### SUPPLIED MATERIAL
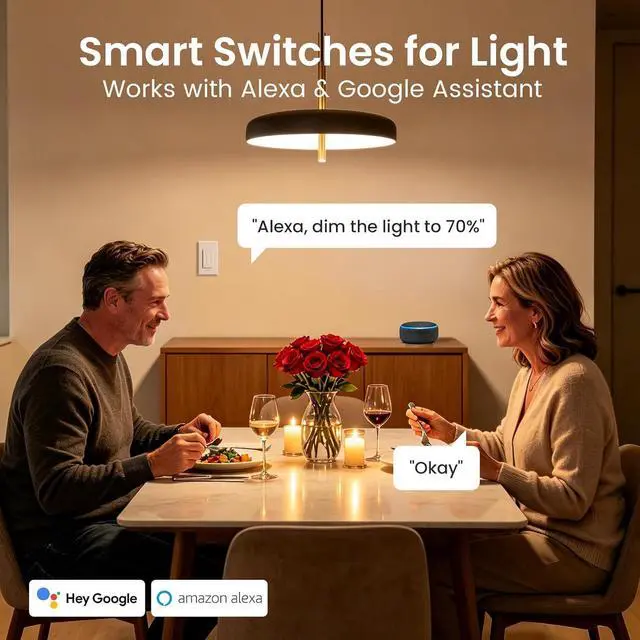 Alt view image 4 of 7 - GHome Smart Dual Dimmer Light Switch, 2 in 1 Single Pole Smart Dimmer Switch Works with Alexa & Google Home, WiFi 2.4Ghz, Stepless Dimming, Voice Control, Remote Control, Schedule & Timer, FCC Listed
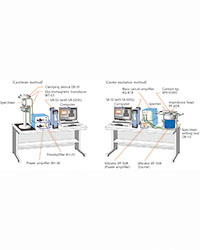 Loss Factor Measurement System AS-14PA5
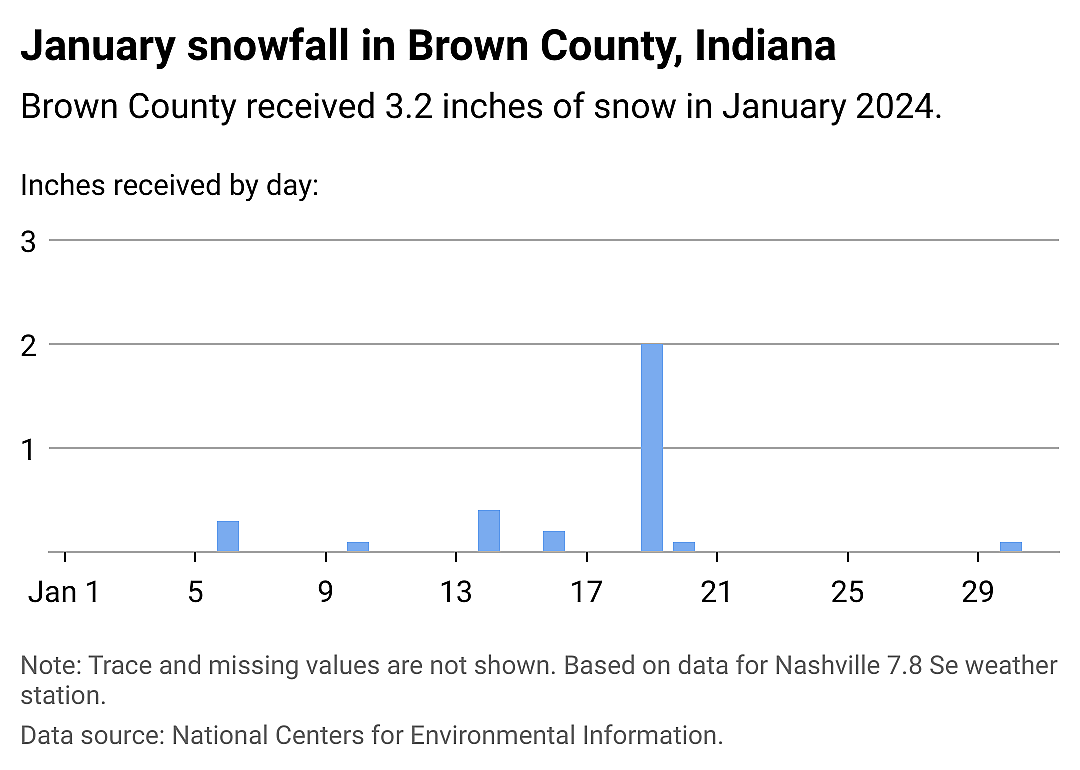 Snowfall data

### ACTIVITY
Please restate all of the listing above word for word, with no pictures.

### EXERCISE RESULT
 Alt view image 4 of 7 - GHome Smart Dual Dimmer Light Switch, 2 in 1 Single Pole Smart Dimmer Switch Works with Alexa & Google Home, WiFi 2.4Ghz, Stepless Dimming, Voice Control, Remote Control, Schedule & Timer, FCC Listed
 Loss Factor Measurement System AS-14PA5
 Snowfall data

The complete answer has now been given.